* _Aim of the exercise_
Your answer must be the records below, given again exactly, with no pictures in it.

* _Given information_
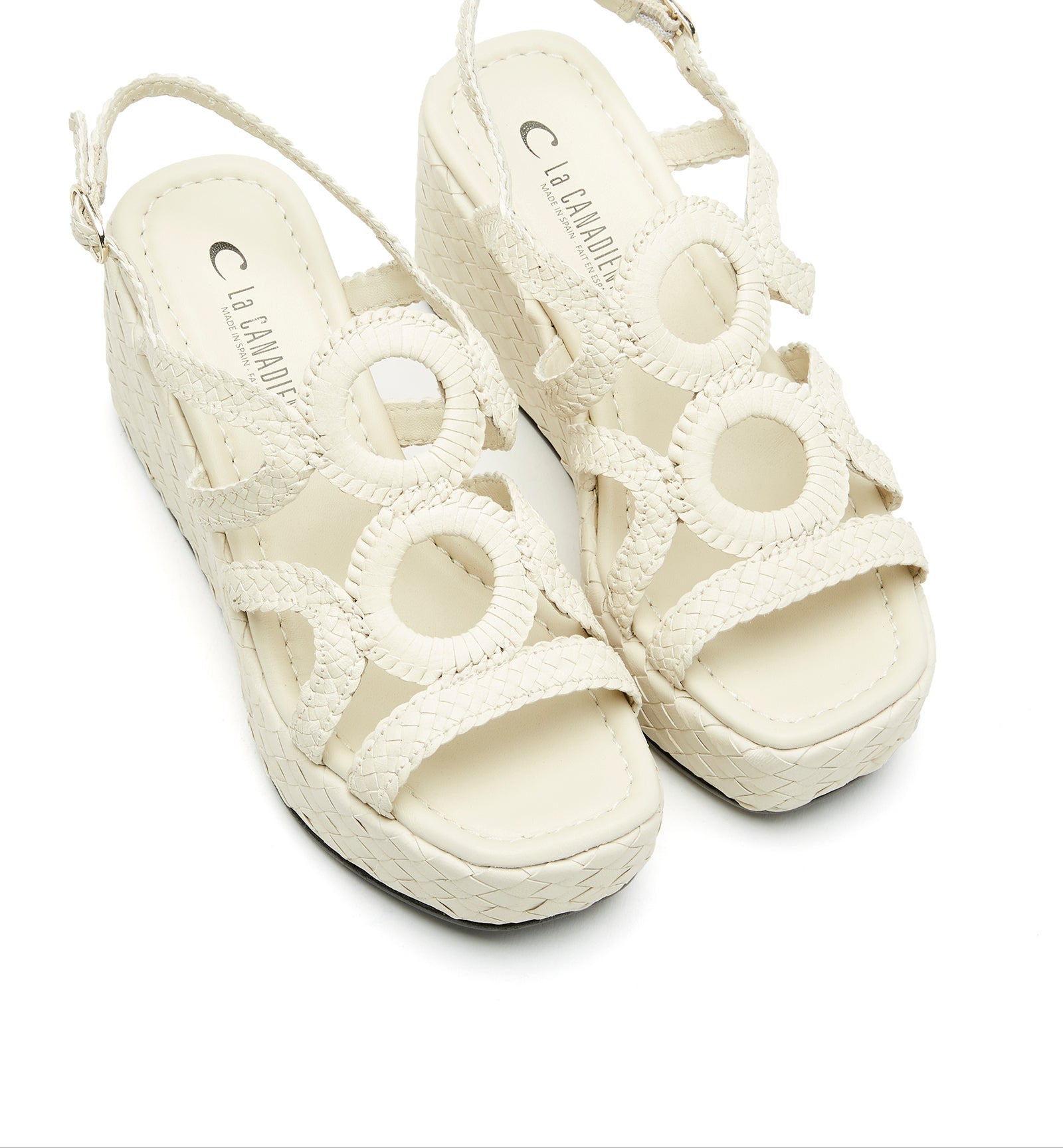 PEPPY WOVEN LEATHER WEDGE SANDAL - La Canadienne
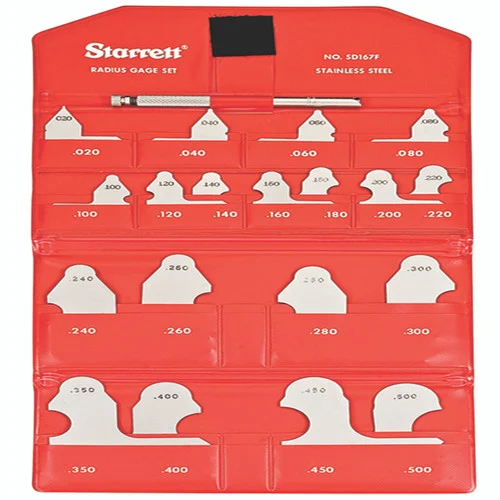 Starrett 63460 | 11/32" -1/2" Satin Coated Steel Radius Gage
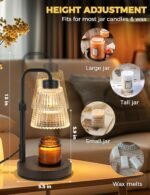 Candle Warmer Lamp with Cycle Timer, Birthday Gifts for Women Mom Her, House Warming Gifts New Home Room Decor, Wax Melt Warmer for Jar Candles with 2 Bulbs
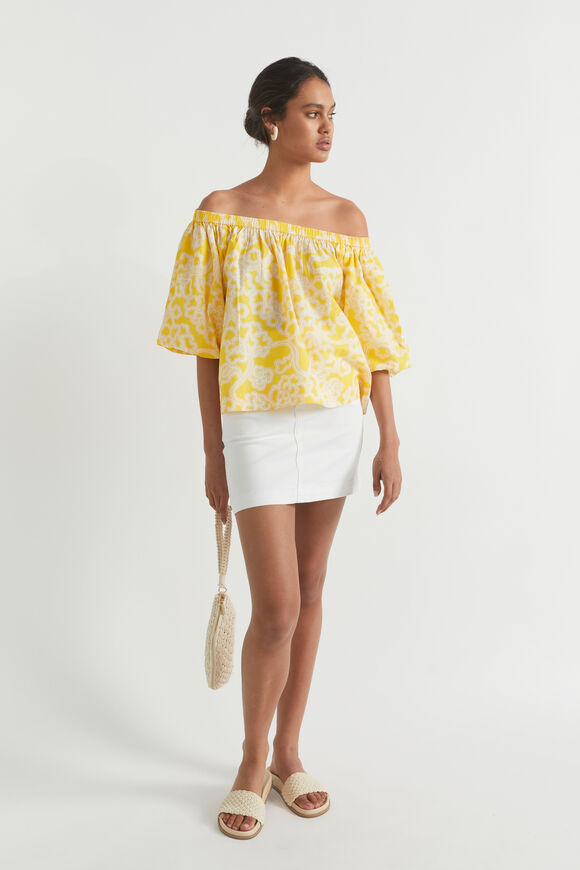 Floral Elasticated Top  Gold Amber Floral  hi-res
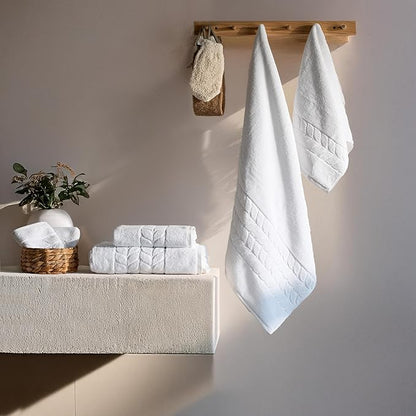 BAGNO MILANO Organic Turkish Cotton Bath Towels, Luxury Jacquard Collection, Certified Organic Highly Absorbent, Soft-Plush Towel Set (White, 2 Pcs Bath Towel Set)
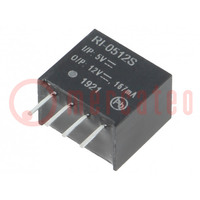 Converter: DC/DC; 2W; Uin: 4.5÷5.5V; Uout: 12VDC; Iout: 167mA; SIP4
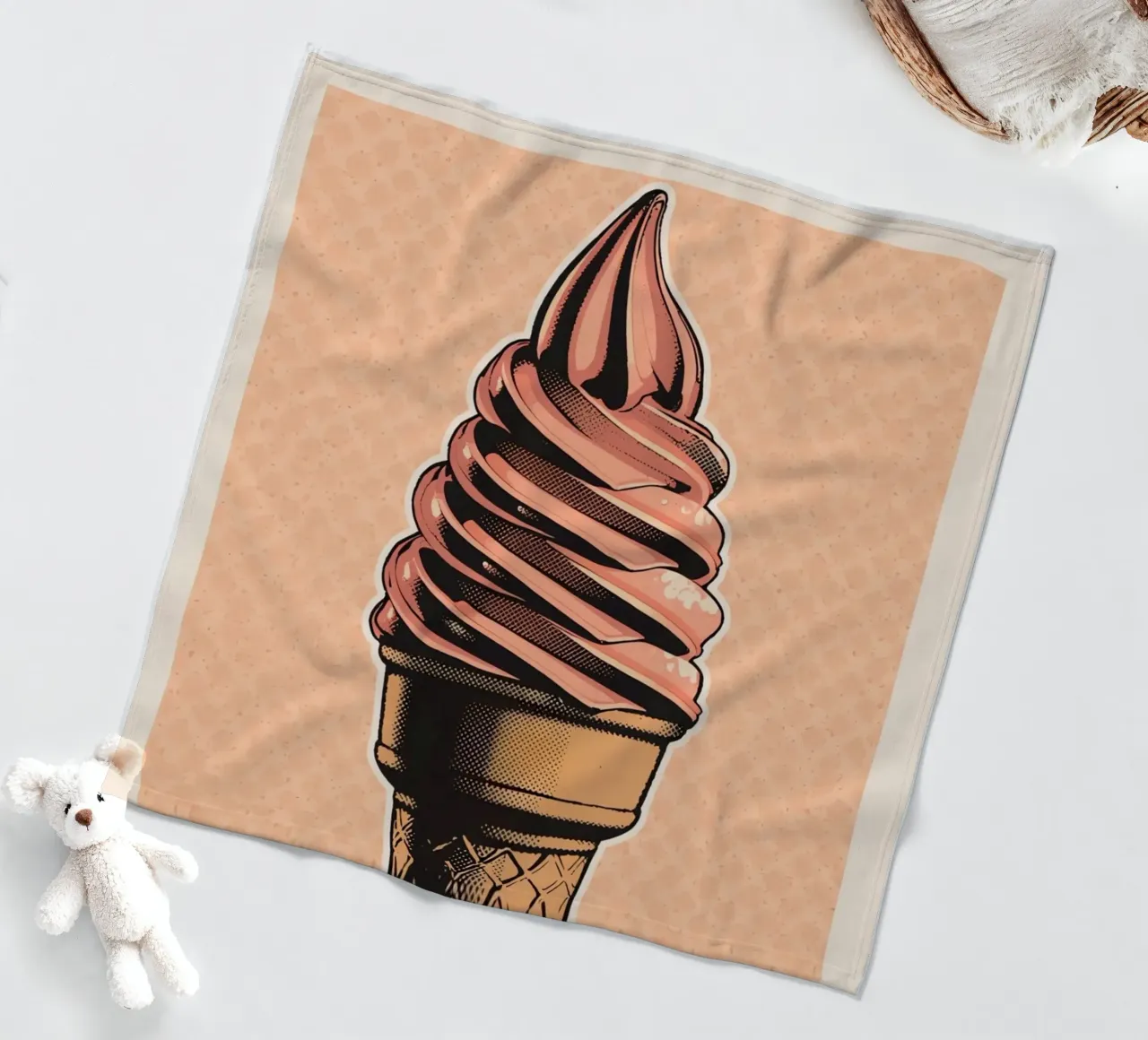 Rosa Softeiswaffel Fleecedecke von DesignDoodle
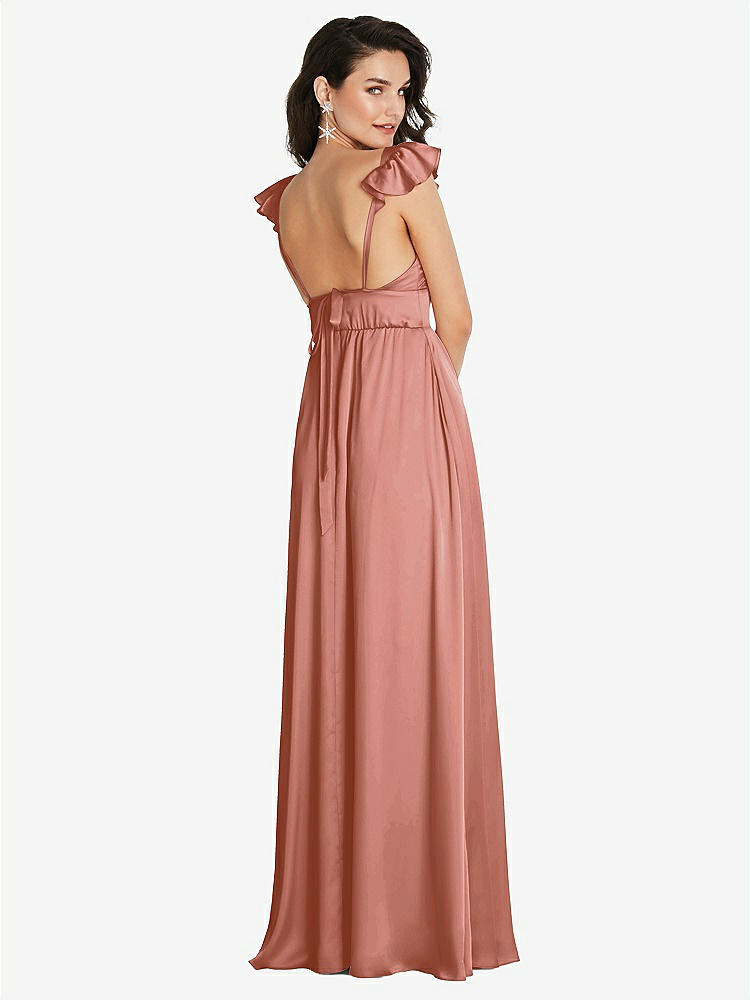 【STYLE: TH094】Deep V-Neck Ruffle Cap Sleeve Maxi Dress with Convertible Straps【COLOR: Desert Rose】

* _Answer to this task_
 PEPPY WOVEN LEATHER WEDGE SANDAL - La Canadienne
 Starrett 63460 | 11/32" -1/2" Satin Coated Steel Radius Gage
 Candle Warmer Lamp with Cycle Timer, Birthday Gifts for Women Mom Her, House Warming Gifts New Home Room Decor, Wax Melt Warmer for Jar Candles with 2 Bulbs
 Floral Elasticated Top  Gold Amber Floral  hi-res
 BAGNO MILANO Organic Turkish Cotton Bath Towels, Luxury Jacquard Collection, Certified Organic Highly Absorbent, Soft-Plush Towel Set (White, 2 Pcs Bath Towel Set)
 Converter: DC/DC; 2W; Uin: 4.5÷5.5V; Uout: 12VDC; Iout: 167mA; SIP4
 Rosa Softeiswaffel Fleecedecke von DesignDoodle
 【STYLE: TH094】Deep V-Neck Ruffle Cap Sleeve Maxi Dress with Convertible Straps【COLOR: Desert Rose】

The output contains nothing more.